• Task details:
Transcribe the data exactly, stopping after the "Parcela st. 5147" line.

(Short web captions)
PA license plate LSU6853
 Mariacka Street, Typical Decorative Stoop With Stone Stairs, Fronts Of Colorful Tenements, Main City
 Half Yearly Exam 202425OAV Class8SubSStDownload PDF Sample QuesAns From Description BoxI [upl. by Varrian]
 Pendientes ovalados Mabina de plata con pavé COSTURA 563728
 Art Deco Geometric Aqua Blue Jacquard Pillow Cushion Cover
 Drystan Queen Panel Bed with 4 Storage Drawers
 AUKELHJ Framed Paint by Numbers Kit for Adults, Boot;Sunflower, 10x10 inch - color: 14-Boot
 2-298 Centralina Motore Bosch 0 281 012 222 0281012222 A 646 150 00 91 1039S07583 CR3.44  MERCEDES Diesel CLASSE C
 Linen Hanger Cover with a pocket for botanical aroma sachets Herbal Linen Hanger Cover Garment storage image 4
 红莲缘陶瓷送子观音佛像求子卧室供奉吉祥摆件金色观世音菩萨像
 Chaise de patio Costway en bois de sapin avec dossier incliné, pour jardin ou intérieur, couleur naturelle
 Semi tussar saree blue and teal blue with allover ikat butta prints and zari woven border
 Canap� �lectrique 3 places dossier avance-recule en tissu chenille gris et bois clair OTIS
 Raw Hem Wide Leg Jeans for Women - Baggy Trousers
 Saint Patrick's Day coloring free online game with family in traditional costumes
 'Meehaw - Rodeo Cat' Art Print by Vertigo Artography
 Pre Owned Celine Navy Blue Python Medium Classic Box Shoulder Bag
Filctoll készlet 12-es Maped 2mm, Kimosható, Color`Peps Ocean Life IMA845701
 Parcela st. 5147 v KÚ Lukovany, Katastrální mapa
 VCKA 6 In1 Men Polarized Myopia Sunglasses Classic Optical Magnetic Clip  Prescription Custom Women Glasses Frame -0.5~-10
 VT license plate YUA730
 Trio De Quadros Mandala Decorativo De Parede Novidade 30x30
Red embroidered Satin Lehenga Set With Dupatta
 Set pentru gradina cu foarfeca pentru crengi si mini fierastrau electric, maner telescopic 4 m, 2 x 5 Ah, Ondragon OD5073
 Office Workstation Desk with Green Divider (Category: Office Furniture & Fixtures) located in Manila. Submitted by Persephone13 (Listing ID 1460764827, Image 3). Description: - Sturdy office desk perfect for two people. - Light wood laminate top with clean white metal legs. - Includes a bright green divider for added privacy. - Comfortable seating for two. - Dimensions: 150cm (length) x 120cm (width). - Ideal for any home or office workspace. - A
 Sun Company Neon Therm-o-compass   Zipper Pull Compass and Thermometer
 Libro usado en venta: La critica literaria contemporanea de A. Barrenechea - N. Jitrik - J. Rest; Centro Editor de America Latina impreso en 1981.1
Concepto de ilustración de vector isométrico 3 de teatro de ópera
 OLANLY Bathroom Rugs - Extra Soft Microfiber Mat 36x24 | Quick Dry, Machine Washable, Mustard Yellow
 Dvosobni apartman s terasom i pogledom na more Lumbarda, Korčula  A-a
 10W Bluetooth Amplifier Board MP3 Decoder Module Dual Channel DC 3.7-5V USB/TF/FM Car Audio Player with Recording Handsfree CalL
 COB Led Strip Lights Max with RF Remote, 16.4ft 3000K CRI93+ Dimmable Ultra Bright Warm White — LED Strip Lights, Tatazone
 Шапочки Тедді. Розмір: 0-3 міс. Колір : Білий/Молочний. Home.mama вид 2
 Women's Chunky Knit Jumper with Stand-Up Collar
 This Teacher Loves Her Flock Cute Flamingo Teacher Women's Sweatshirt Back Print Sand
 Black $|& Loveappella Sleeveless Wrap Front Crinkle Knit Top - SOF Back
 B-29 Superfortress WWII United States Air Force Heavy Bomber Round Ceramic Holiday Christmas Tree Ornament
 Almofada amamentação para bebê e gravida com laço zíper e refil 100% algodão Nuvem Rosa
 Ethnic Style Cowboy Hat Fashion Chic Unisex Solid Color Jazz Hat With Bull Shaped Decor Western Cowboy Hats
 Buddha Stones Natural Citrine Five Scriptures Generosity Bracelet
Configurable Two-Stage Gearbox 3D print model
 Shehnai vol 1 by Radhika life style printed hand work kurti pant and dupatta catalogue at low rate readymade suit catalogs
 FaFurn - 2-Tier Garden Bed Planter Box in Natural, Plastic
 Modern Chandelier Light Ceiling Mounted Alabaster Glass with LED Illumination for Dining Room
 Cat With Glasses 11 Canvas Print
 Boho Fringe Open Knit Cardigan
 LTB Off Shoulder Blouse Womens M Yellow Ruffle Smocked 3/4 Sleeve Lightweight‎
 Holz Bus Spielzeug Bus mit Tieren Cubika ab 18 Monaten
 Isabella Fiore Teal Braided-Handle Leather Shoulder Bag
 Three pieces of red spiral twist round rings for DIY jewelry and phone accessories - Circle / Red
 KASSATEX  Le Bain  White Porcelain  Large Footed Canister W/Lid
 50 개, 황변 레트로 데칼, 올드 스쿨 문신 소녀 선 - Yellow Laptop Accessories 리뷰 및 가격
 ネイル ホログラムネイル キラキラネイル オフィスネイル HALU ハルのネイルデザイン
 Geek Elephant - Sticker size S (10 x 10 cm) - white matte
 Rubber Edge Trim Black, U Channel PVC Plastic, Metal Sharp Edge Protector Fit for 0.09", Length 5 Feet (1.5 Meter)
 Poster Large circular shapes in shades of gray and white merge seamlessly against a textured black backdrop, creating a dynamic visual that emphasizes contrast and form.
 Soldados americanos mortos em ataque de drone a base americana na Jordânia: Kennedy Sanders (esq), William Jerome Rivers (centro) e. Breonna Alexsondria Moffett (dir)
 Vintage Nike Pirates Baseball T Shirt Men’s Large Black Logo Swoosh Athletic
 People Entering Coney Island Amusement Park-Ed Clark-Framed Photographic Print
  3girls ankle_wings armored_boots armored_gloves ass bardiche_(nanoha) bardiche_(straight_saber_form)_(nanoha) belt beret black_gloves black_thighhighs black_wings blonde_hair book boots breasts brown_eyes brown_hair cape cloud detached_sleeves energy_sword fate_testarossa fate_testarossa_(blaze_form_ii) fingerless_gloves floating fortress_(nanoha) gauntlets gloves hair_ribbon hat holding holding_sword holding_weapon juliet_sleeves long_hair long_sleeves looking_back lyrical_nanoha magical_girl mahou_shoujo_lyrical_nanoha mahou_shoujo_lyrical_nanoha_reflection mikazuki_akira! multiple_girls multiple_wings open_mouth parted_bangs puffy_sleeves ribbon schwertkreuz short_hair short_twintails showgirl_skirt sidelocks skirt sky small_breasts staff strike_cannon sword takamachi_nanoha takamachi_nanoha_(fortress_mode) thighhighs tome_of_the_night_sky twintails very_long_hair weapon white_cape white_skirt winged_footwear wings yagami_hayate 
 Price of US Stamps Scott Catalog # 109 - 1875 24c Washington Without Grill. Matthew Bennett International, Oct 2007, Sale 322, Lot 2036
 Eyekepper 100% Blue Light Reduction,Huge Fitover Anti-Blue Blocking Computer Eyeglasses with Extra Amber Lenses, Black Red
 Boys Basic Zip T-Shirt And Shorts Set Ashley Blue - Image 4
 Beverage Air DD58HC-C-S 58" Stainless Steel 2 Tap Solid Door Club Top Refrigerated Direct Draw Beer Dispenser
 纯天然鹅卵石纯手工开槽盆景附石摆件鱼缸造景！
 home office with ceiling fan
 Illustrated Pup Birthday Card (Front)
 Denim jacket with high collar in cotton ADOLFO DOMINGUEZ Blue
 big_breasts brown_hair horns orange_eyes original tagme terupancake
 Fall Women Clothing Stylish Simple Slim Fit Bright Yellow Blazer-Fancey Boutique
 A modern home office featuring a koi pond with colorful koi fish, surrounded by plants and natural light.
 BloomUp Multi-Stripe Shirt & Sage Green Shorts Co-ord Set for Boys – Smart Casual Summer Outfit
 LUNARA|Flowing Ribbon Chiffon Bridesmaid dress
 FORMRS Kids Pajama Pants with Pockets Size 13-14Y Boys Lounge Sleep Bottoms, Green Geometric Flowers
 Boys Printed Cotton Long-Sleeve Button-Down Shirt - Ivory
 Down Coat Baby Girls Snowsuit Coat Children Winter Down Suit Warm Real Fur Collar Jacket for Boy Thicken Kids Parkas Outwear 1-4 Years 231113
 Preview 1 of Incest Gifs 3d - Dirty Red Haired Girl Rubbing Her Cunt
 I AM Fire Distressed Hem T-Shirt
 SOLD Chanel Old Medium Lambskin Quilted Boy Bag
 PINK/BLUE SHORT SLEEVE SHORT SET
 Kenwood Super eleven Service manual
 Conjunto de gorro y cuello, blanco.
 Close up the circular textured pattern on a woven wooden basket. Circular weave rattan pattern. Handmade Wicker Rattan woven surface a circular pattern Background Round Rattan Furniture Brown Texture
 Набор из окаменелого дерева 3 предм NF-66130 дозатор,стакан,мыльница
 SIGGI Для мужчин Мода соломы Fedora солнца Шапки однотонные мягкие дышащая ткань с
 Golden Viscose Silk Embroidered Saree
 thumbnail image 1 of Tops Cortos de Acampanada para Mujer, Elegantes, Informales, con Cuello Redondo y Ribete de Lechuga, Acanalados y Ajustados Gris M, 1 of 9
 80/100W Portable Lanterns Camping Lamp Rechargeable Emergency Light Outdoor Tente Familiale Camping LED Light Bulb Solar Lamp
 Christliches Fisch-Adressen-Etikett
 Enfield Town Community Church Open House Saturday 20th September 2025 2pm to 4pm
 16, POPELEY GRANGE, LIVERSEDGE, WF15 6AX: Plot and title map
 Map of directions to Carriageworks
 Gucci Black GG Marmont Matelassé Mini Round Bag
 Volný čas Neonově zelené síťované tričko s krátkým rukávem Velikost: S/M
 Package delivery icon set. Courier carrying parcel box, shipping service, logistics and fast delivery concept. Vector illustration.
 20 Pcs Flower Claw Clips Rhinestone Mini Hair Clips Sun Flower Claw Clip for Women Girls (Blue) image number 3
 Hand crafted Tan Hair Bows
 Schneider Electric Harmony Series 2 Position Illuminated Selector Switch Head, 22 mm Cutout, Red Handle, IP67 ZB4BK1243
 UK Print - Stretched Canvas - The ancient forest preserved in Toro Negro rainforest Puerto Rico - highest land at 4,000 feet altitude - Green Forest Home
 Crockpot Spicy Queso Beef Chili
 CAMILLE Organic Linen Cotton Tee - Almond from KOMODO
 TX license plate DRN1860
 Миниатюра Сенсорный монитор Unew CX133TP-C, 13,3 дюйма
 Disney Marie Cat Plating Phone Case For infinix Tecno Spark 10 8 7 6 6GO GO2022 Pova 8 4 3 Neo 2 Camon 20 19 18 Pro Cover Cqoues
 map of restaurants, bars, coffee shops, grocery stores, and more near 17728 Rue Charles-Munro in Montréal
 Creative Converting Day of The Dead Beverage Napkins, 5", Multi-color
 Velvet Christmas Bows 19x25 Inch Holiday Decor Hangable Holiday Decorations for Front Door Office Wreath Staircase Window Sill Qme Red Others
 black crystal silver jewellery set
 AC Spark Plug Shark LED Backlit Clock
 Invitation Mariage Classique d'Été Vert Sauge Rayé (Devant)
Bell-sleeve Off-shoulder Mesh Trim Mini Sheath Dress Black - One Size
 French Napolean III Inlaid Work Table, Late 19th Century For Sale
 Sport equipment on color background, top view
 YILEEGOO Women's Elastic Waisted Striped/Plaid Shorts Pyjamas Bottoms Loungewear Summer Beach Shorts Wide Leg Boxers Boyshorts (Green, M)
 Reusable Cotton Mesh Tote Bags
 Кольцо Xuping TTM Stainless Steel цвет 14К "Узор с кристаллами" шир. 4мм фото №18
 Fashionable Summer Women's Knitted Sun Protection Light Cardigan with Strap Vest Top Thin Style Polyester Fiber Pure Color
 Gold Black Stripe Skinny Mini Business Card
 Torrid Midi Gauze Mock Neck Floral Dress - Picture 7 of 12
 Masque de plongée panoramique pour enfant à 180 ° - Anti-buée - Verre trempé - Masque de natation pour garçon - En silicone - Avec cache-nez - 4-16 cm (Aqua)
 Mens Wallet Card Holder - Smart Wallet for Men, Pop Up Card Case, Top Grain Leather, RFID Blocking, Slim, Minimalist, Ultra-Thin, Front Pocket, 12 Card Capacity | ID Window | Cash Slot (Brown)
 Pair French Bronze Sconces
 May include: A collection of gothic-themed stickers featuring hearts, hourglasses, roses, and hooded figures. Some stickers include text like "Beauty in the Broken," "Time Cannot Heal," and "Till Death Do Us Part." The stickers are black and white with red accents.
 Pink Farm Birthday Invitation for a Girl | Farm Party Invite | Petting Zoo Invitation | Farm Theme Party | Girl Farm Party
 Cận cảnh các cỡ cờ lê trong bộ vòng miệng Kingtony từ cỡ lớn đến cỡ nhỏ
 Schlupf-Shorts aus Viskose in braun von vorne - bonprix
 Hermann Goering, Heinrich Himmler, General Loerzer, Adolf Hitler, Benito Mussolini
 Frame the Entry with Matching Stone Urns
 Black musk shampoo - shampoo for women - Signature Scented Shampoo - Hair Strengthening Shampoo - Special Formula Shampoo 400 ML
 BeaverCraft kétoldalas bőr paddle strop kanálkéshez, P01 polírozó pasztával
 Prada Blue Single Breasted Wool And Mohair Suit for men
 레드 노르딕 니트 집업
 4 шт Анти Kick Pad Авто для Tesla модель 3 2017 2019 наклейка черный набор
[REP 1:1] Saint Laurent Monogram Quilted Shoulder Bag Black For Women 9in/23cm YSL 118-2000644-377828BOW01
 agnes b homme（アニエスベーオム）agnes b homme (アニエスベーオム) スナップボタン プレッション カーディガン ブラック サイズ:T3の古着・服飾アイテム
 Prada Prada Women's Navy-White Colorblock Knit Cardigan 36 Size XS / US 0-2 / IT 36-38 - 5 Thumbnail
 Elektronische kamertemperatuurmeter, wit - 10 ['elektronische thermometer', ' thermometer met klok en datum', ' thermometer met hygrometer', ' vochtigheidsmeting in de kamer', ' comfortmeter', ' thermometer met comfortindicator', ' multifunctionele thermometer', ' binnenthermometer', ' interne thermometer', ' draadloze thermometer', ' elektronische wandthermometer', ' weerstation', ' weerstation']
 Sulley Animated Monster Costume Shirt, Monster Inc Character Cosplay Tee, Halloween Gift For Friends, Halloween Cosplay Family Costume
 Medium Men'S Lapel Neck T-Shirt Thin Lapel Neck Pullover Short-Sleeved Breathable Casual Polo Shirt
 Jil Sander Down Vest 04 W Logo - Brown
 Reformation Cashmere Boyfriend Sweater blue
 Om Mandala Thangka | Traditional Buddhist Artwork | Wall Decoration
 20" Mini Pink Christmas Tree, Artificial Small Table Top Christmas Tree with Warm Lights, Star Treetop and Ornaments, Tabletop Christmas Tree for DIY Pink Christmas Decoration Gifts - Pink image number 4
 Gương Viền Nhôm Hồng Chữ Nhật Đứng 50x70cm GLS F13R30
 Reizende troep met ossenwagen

• Written answer:
PA license plate LSU6853
 Mariacka Street, Typical Decorative Stoop With Stone Stairs, Fronts Of Colorful Tenements, Main City
 Half Yearly Exam 202425OAV Class8SubSStDownload PDF Sample QuesAns From Description BoxI [upl. by Varrian]
 Pendientes ovalados Mabina de plata con pavé COSTURA 563728
 Art Deco Geometric Aqua Blue Jacquard Pillow Cushion Cover
 Drystan Queen Panel Bed with 4 Storage Drawers
 AUKELHJ Framed Paint by Numbers Kit for Adults, Boot;Sunflower, 10x10 inch - color: 14-Boot
 2-298 Centralina Motore Bosch 0 281 012 222 0281012222 A 646 150 00 91 1039S07583 CR3.44  MERCEDES Diesel CLASSE C
 Linen Hanger Cover with a pocket for botanical aroma sachets Herbal Linen Hanger Cover Garment storage image 4
 红莲缘陶瓷送子观音佛像求子卧室供奉吉祥摆件金色观世音菩萨像
 Chaise de patio Costway en bois de sapin avec dossier incliné, pour jardin ou intérieur, couleur naturelle
 Semi tussar saree blue and teal blue with allover ikat butta prints and zari woven border
 Canap� �lectrique 3 places dossier avance-recule en tissu chenille gris et bois clair OTIS
 Raw Hem Wide Leg Jeans for Women - Baggy Trousers
 Saint Patrick's Day coloring free online game with family in traditional costumes
 'Meehaw - Rodeo Cat' Art Print by Vertigo Artography
 Pre Owned Celine Navy Blue Python Medium Classic Box Shoulder Bag
Filctoll készlet 12-es Maped 2mm, Kimosható, Color`Peps Ocean Life IMA845701
 Parcela st. 5147 v KÚ Lukovany, Katastrální mapa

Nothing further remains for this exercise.